Con todo, lo verdaderamente maravilloso de ese riquísimo e inagotable yacimiento que es Atapuerca son las vertiginosas enseñanzas que proporciona sobre el misterio de la vida, y cómo sus hallazgos colocan la existencia de los seres humanos en su verdadera dimensión, esto es, en una microscópica pequeñez. Tan llenos como estamos de deseos y esperanzas, tan enorme que nos parece cualquier frustracioncilla cotidiana, y luego en realidad no somos más que un hervor de protozoos pataleando ciegamente en una gota de agua.

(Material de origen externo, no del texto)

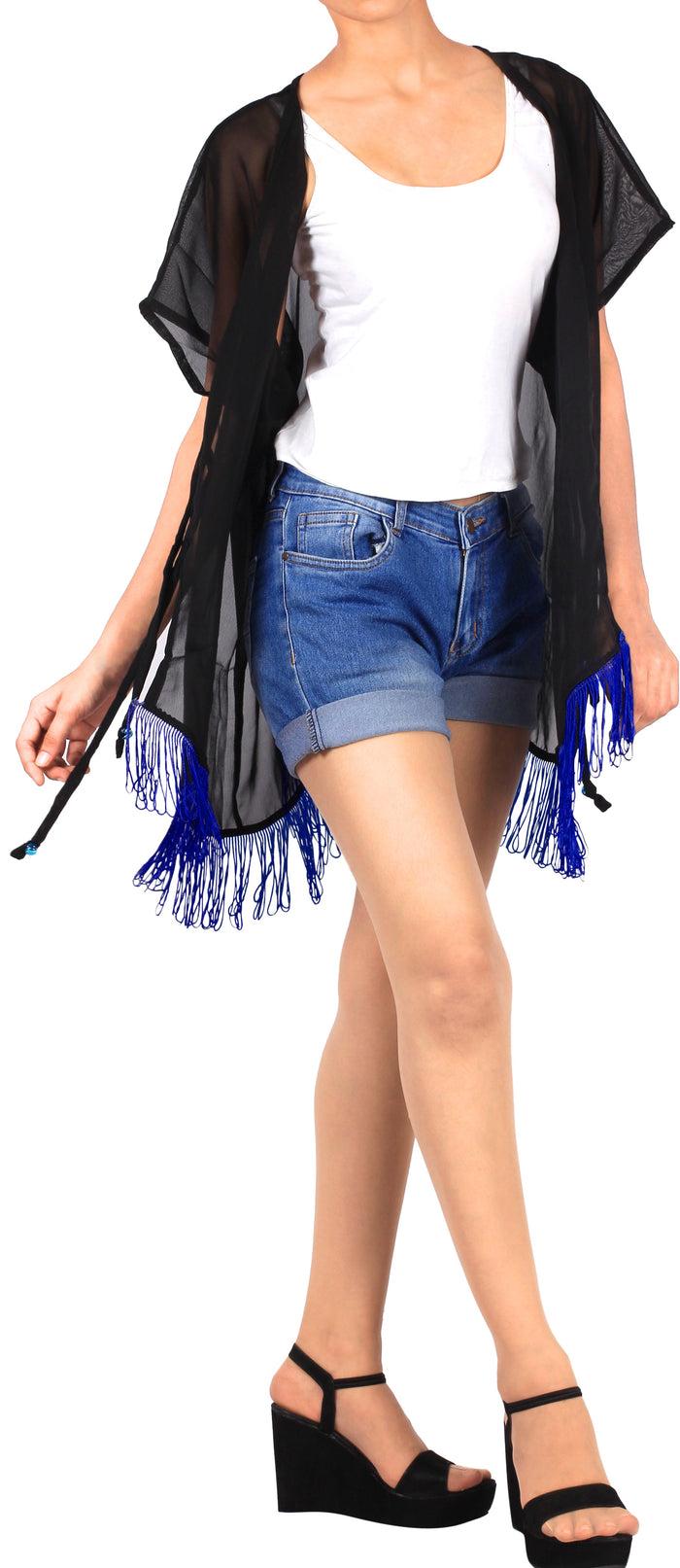 La Leela LA LEELA Women's Open Front Holiday Kimono Cardigans XL-XXL Blue Horizon-AB790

El pasado mes de julio visité por segunda vez el yacimiento de Atapuerca y tuve la gran suerte de que el paleontólogo José Miguel Carretero, tan buen científico como formidable comunicador, volviera a explicarnos el lugar. Y entre las muchas cosas fascinantes que contó, dijo una que se me quedó grabada: el Homo sapiens, los humanos de hoy, nos parecemos físicamente a los niños del Homo antecessor, nuestro antepasado de hace 800.000 años. Luego, al hacerse adultas, aquellas criaturas se convertían en seres muy distintos, con cráneos de huesos masivos, arcos superciliares espesos y un aspecto que, desde nuestra estética de hoy, nos parecería brutal, agresivo y un poco aterrador. Pero los cráneos de sus hijos carecían de ese engrosamiento y eran muy semejantes a los cráneos de los humanos adultos de hoy. Somos, pues, como los niños de nuestros antepasados; y, movida por mi afición a la ciencia ficción, no puedo dejar de preguntarme si nuestros niños de hoy serán el modelo de los humanos venideros, el anticipo de una nueva especie sideral. Es una cuestión curiosa, porque muchas de las representaciones de humanoides futuristas que ha hecho el cine se parecen precisamente a los bebés humanos actuales: seres sin pelo, de ojos grandes, rasgos pequeños y caritas aniñadas y conmovedoras, como, por ejemplo, los extraterrestres de Encuentros en la tercera fase o ET.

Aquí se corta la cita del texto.